The Data Stack Show - Data Council Week (Ep 4): The Data Council Origin Story With Pete Soderling
Episode Date: April 28, 2022Highlights from this week’s conversation include:Pete’s start in data and Data Council (2:01)Learning more from failure (6:42)Shaping terminology and definitions (9:30)What investors look for in d...ata technology (12:43)Working as a data engineer (16:32)Data Council takeaways (18:16)The Data Stack Show is a weekly podcast powered by RudderStack, the CDP for developers. Each week we’ll talk to data engineers, analysts, and data scientists about their experience around building and maintaining data infrastructure, delivering data and data products, and driving better outcomes across their businesses with data.RudderStack helps businesses make the most out of their customer data while ensuring data privacy and security. To learn more about RudderStack visit rudderstack.com.
Transcript
Discussion (0)
Welcome to the Data Stack Show.
Each week we explore the world of data by talking to the people shaping its future.
You'll learn about new data technology and trends and how data teams and processes are run at top companies.
The Data Stack Show is brought to you by Rudderstack, the CDP for developers.
You can learn more at rudderstack.com.
Welcome back to the Data Stack Show. I am on site
here at Data Council Austin recording some shows. And you'll notice that I said I in the singular,
that's because Costas is out doing some really cool stuff with the Starburst team at the conference.
And so I am flying solo, which is maybe going to give Brooks some heartburn, but I have a great guest.
So I'm going to talk with Pete, who started Data Council, and he was actually an engineer in a
former life and has built this amazing conference. And so I'm just going to ask him about his
background and actually what led him to Data Council. And if I'm feeling intrepid, I might
ask him about his fund as well because he's an investor,
which is uncharted territory.
But since Costas and Brooks are gone, I can do whatever I want.
So let's dive in and talk with Pete.
Pete, welcome to the Data Stack Show.
It's so great to have you here.
Thank you.
It's really exciting to be here.
And we are actually live at Data Council Austin, which is a conference you put on. And seeing the faces in the crowd
in the opening was amazing because I think in many ways, people are just so excited to get
together and talk about this stuff in person, even though we've been doing it, you know, over
for a couple of years. So for sure. Congratulations. And thank you for putting on this amazing event.
Yeah, it's my pleasure.
I think everyone feels like they've been let out of prison or something.
Yeah, that's true.
Okay, so give us the background.
So you've been working in and around data for a long time.
You know, I want to hear about the founding of Data Council.
And you have a fund, which is super interesting. But how did you get your start in data?
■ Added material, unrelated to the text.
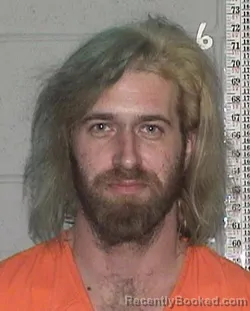 Mugshot of BRYAN ALLEN SPARKS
Yeah, so it starts back a little bit
earlier than Data Council. And I was an engineer, founder, turned founder in 2003. I started two
companies in New York before 2010. Then I started two companies in SF after 2010, one of which
became Data Council. But one of my New York City companies in 2008, I started an API based cloud security platform. And it was designed
for businesses to sell streams of data through our proxy software to other companies. So it was
a data oriented play. And I ended up talking to lots of premium data providers, think of like
Bloomberg, or Comscore, or Garmin, or these kinds of companies that essentially sell high value data. And we had built this middleware, which was security, proxy, kiosk, metering, billing, sort of all this stuff. And they would plug their API, their data feed into the back of our proxy, and we would advertise it out to the end user and help them turn their data stream into a business.
Oh, interesting. Right.
So that was really the first time.
They're producing data, but the infrastructure to monetize, like the data is valuable, but like it's hard to build infrastructure to monetize that.
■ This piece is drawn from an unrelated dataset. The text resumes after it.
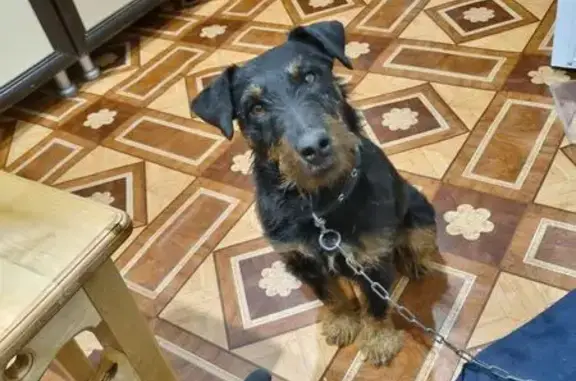 Пропала собака, Синезёрки, Брянск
Because like if you're Garmin, you're like building maps.
Yeah, you build products.
You're responsible to sort of push your data and give a context in your own product.
And these companies do that well with the Garmin Nav device or the Bloomberg Terminal.
But our thinking at the time was, well, what if you unplug the data stream out of your own product
and offered it raw to providers or to other customers?
Like what kind of magic could they work with that same data?
Super interesting.
Okay.
So what took you from, so that sort of like brought you into the world of data and then what took you from there to starting Data Council?
Well, I think it was, I mean, partially it was the unsuccessful launch of that company and
I had to shut it down, you know, a couple of years after we started. But in the meantime,
I had moved to the Bay Area and sort of gotten to the startup community there, which was sort of the next level leveling up for
me personally. So even though I had to shut that company down, it was called Stratus Security,
I ended up, you know, getting sort of keyed into the data world. And by the time 2013 came around,
I had realized that there was this whole sort of strata of data engineering that was being ignored because everyone was talking about the sexy quanti,
you know, data science-y stuff that was kind of glittering and, you know, sexy analytics.
Well, back then, I don't, I mean, data engineering, you know, was still probably a fairly new term.
Yeah, it was definitely was not a role at most, hardly any companies.
Maybe Facebook had the notion of a data engineer somewhere, you know, bumping around.
But most people in the community were not even really sort of familiar with using that term.
Yeah, super interesting.
Okay, so you noticed that there's this sort of theme emerging in the type of work that companies are doing in the data space.
And so you decided Data Council.
Yeah, so it started off as a meetup inside Spotify's office in New York City.
They wanted to attract more machine learning engineers to their projects.
And I was doing a consulting project with them.
And so we ended up spinning up this meetup because we saw this market opportunity.
We call it the Data Engineering Meetup.
And it did really well in New York.
Then we launched one in SF
and it did equally well there.
And by the time 2015 had rolled around,
we basically had not just sort of helped the world
define what a data engineer was,
but we had seen the data scientists come to the group
and the analysts come to the group
and the researchers come to the group.
And it was apparent that everyone wanted to learn
how to work together better with their peers,
the adjacent layers of whatever this emerging nascent data stack was going to be.
And so we found ourselves as a community kind of thrown right into that conversation.
And because we had so much surface area with different kinds of professionals across the data field,
Data Council was born out of that meetup, and we've been carrying the torch ever since.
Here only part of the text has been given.